In [None]:
import csv

## CSV

### Reading

In [None]:
# Read the first 10 lines of the csv file
# Note that the file is tab delimited
with open('us_zipcodes.csv', 'r') as f:
    reader = csv.reader(f, delimiter='\t')
    count = 0
    for row in reader:
        print(row)
        count +=1
        if count == 10:
            break

In [None]:
# Read the first 10 lines of the csv file
# skip the header line in the dataset
with open('us_zipcodes.csv', 'r') as f:
    reader = csv.reader(f, delimiter='\t')
    next(reader)
    # next(reader) keep repeating to skip an additional line.
    count = 0
    for row in reader:
        print(row)
        count +=1
        if count == 10:
            break

In [None]:
# Read the first 10 lines of the csv file
# Skip the header line by turning the reader into a list and starting from 1+
with open('us_zipcodes.csv', 'r') as f:
    reader = list(csv.reader(f, delimiter='\t'))
    count = 0
    for row in reader[1:]:
        print(row)
        count +=1
        if count == 10:
            break

In [None]:
# Create a dictionary per line instead
with open('us_zipcodes.csv', 'r') as f:
    reader = csv.DictReader(f, delimiter='\t')
    count = 0
    for row in reader:
        print(row)
        count +=1
        if count == 10:
            break

### Filtering data

In [None]:
with open('us_zipcodes.csv', 'r') as f:
    data = list(csv.DictReader(f, delimiter='\t'))

In [None]:
primes = []
for number in range(2, 99999):
    for factor in range(2, int(number**0.5) + 1):
        if number % factor == 0:
            break
    else:
        primes.append(number)

In [None]:
data = [row for row in data if int(row['postal code']) in primes and row['state code'] == 'AZ']
len(data)
for i in (range(10)):
    print(data[i])


### Writing

In [None]:
with open('az_prime_zipcodes.csv', 'w') as f:
    writer = csv.writer(f)
    # print a header
    header = 'postal code' + ',' + 'place name' + ',' + 'county'
    print(header, file=f)
    for row in data:
        writer.writerow([row['postal code'], row['place name'], row['county']])
        
        

In [None]:
!head az_prime_places.csv

### Homework help!

csvfilter.py 

* `-f`|`--file`: A *required* argument that is a readable file
* `-v`|`--val`: A *required* "value" to match against each record
* `-c`|`--col`: An optional "column" to search for the given value
* `-o`|`--outfile`: An optional output file name (default `'out.csv'`)
* `-d`|`--delimiter`: An optional delimiter to use to parse the file (default `','`)

In [None]:
!grep Tucson az_prime_zipcodes.csv

In [None]:
!./csvchk.py -g Tucson --limit 10 az_prime_zipcodes.csv

In [None]:
import csv
import re
import sys

infile = open('az_prime_zipcodes.csv', 'rt')
outfile = open('tucson_az_prime_zipcodes.csv', 'wt')

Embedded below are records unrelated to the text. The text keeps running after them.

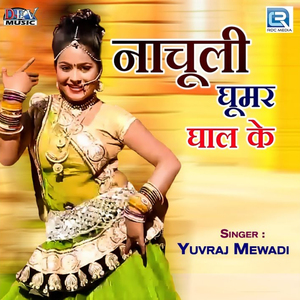 Nachuli Ghoomar Ghal Ke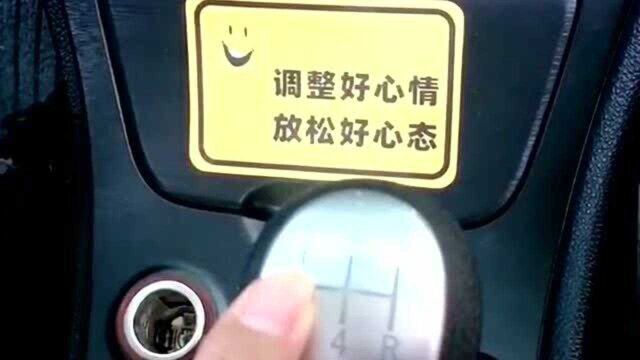 开车,一定要知道的6个挡位!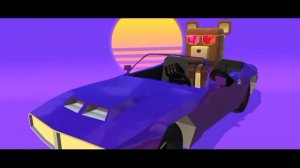 ночной медведь трек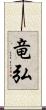 竜弘 Scroll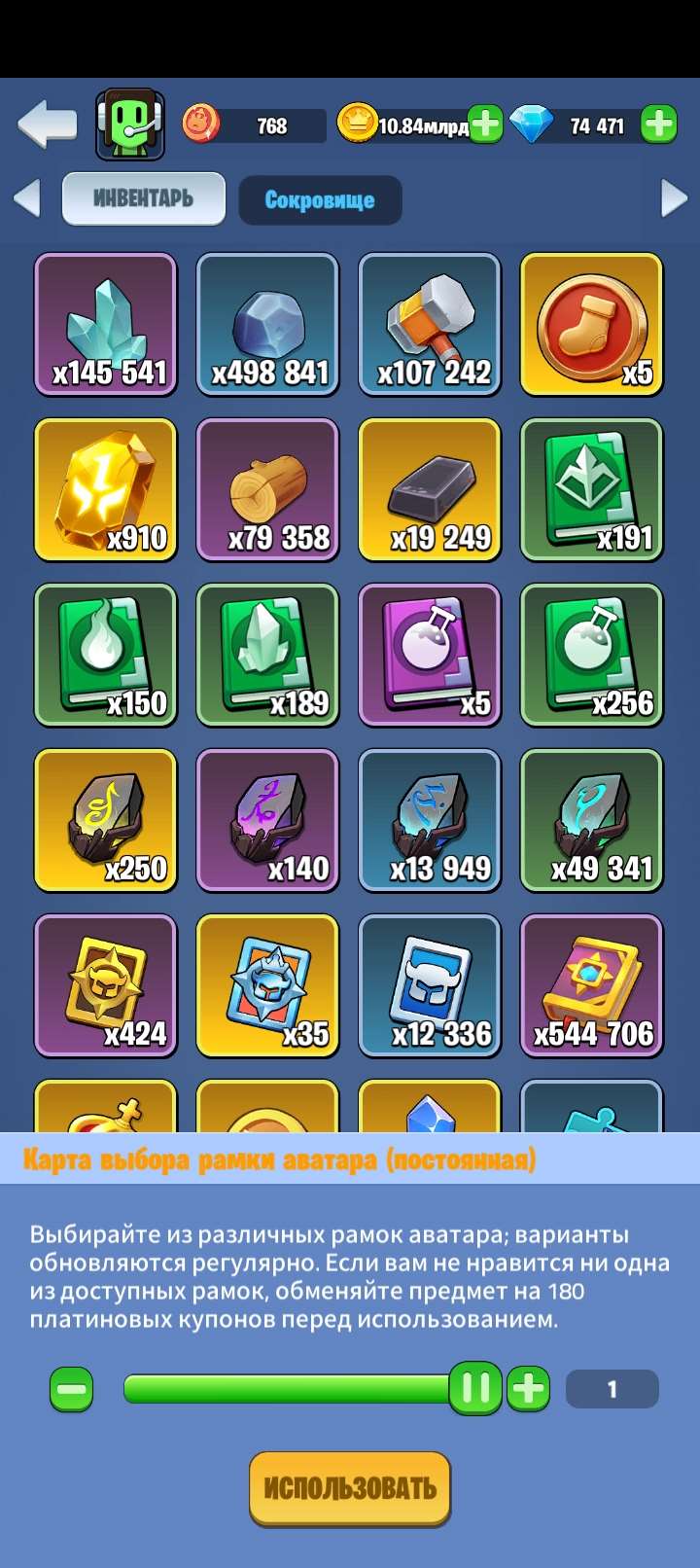 продажа аккаунта к игре Kingdom Guard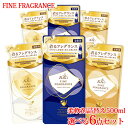 楽天コスメボックス選べる6点セット ファーファ（FaFa） 柔軟剤 ファインフレグランス（FINE FRAGRANCE） 各500ml 詰替え用【送料込】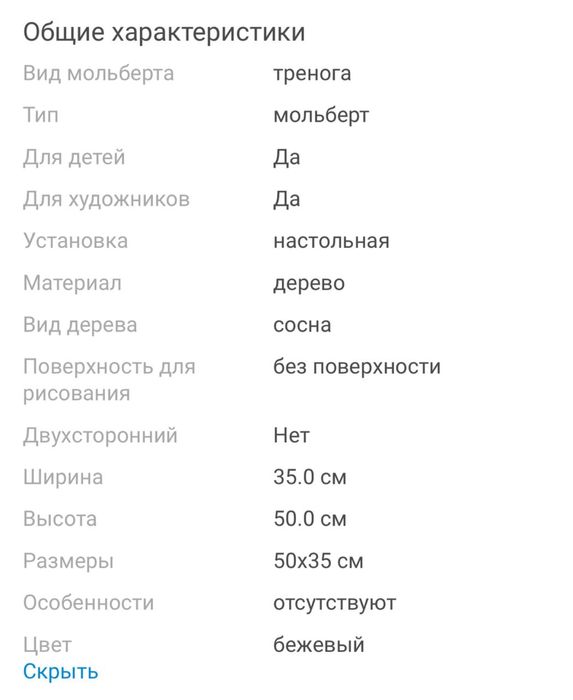 продам мольберт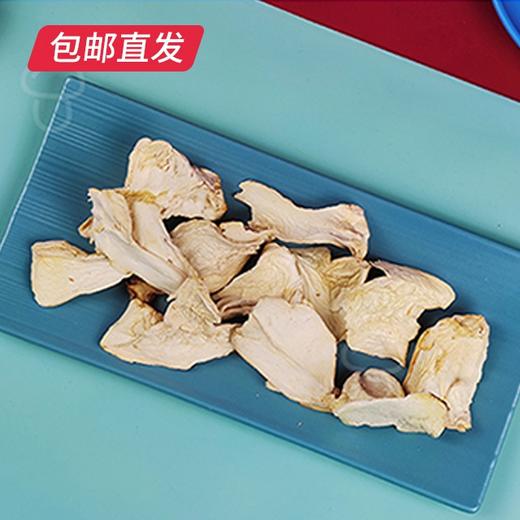 谛品居 珍美味干菌礼盒 1.09kg 【包邮直发】 商品图1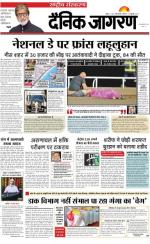 Dainik Jagran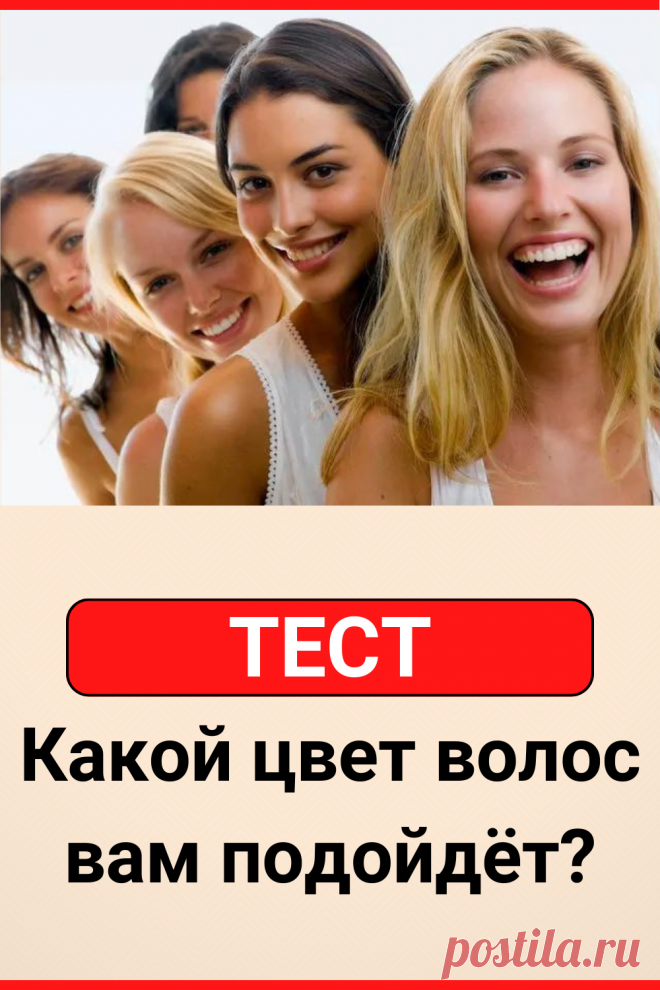 Тест: Какой цвет волос вам подойдёт?
#тест #интересные_тесты #тесты_личности #викторина #психология #психология_развития #личностное_развитие #загадки #головоломки #интересный_тест #самопознание #саморазвитие #психологический_тест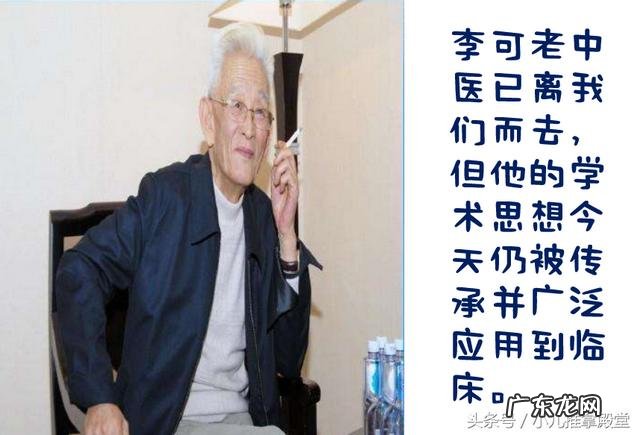 宝宝感冒流鼻涕吃什么好？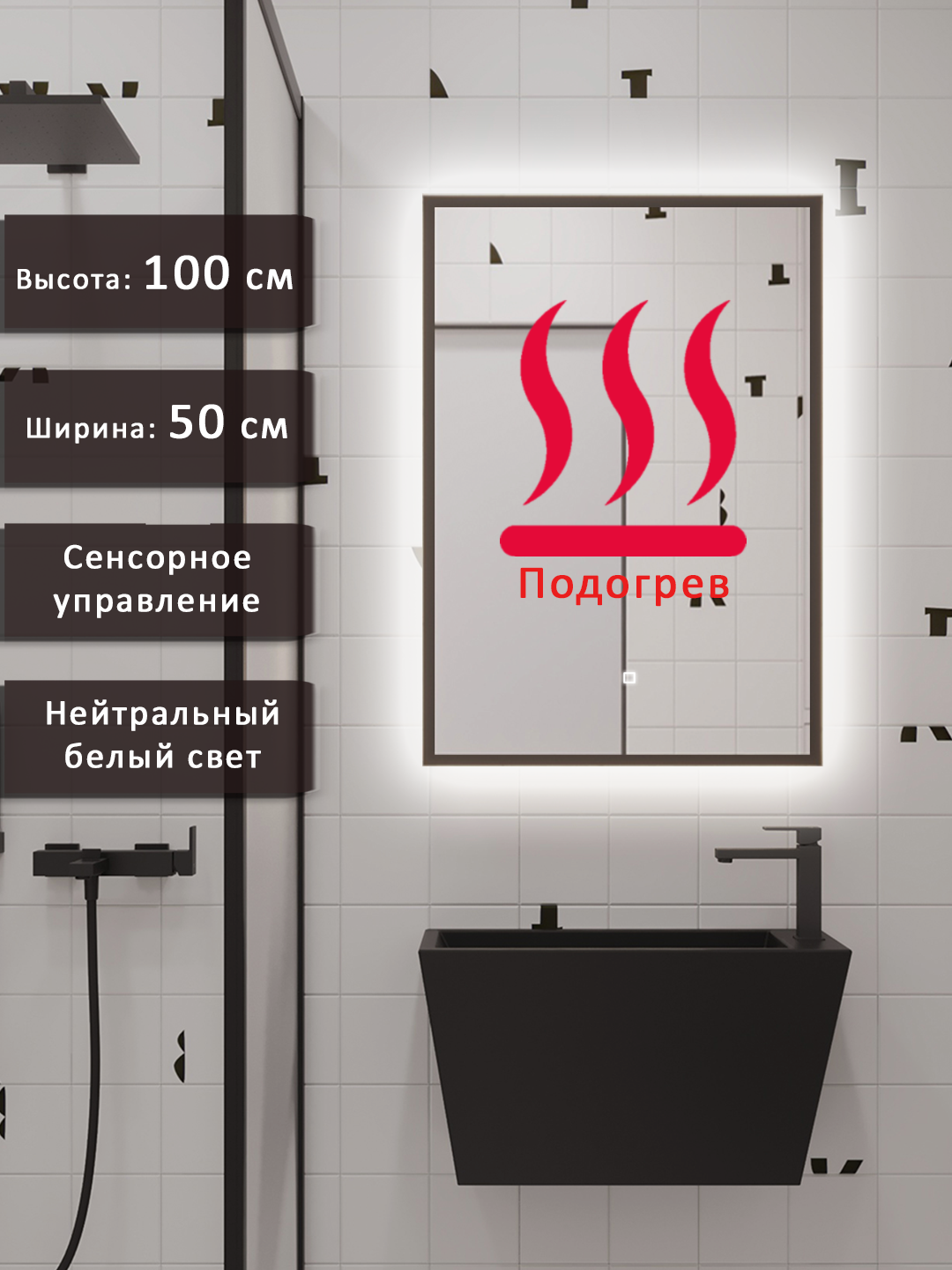Изображение товара Зеркало для ванной Alias В раме для ванной qvr10050201b с подсветкой 50x100см Изображение товара Зеркало для ванной Alias В раме для ванной qvr10050201b с подсветкой 50x100см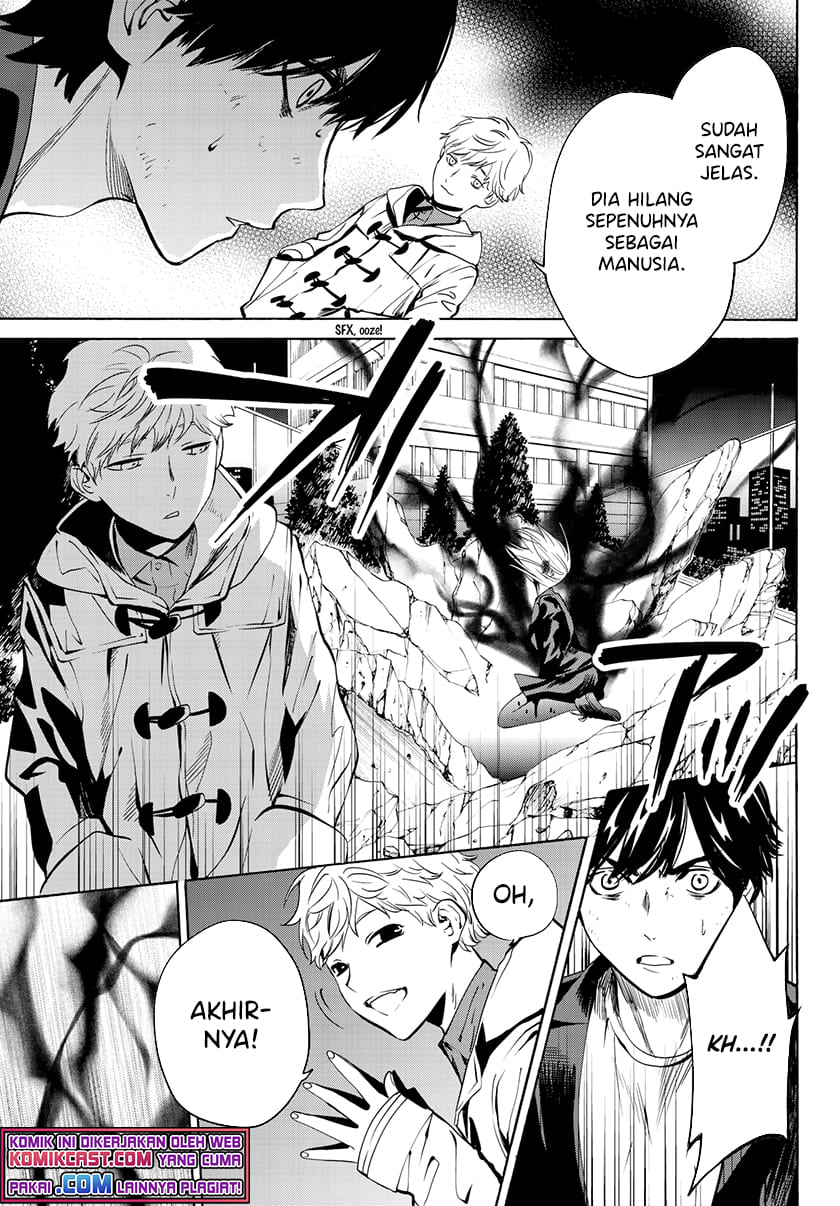 Konya wa Tsuki ga Kirei desu ga, Toriaezu Shine Chapter 33 - halaman 4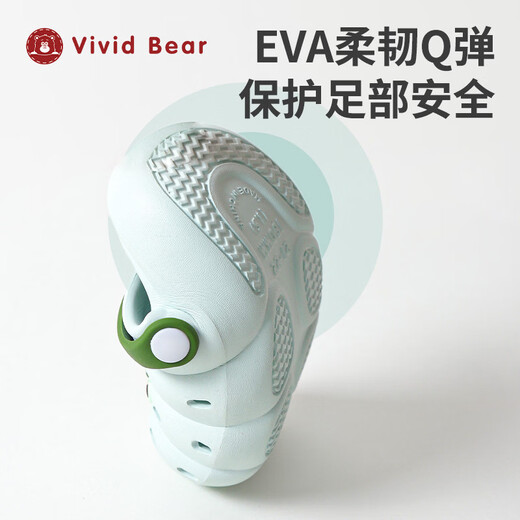 Kids King VividBear Children's Baby Summer Sandals Home Slippers Outdoor Caterpillar EVA Croc Shoes Morandi Blue 26 25 Code 25+26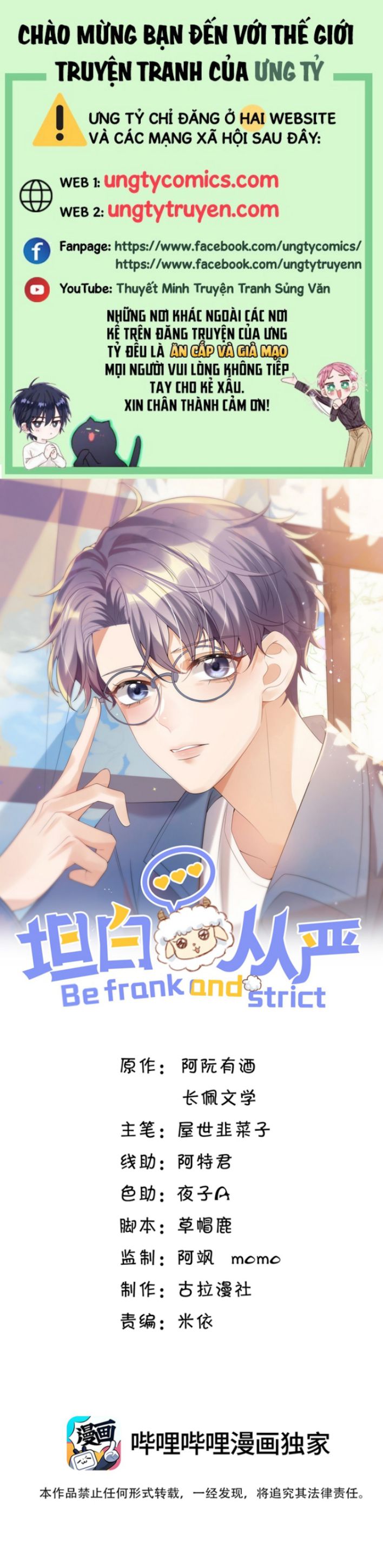 Thẳng Thắn Từ Nghiêm Chap 20 - Next Chap 21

reader = csv.DictReader(infile, delimiter=',')
search_column = 'place name'
search_for = 'Tucson'

# Check to see if the user is requesting a particular column
if search_column and search_column not in reader.fieldnames:
    print(f'Choose from {", ".join(reader.fieldnames)}')
    sys.exit(1)

# Create a "csv writer"
writer = csv.DictWriter(outfile, fieldnames=reader.fieldnames)
writer.writeheader()

for rec in reader:
    text = rec.get(search_column) if search_column else ' '.join(rec.values())

    if re.search(search_for, text, re.IGNORECASE):
        writer.writerow(rec)

In [None]:
!head tucson_az_prime_zipcodes.csv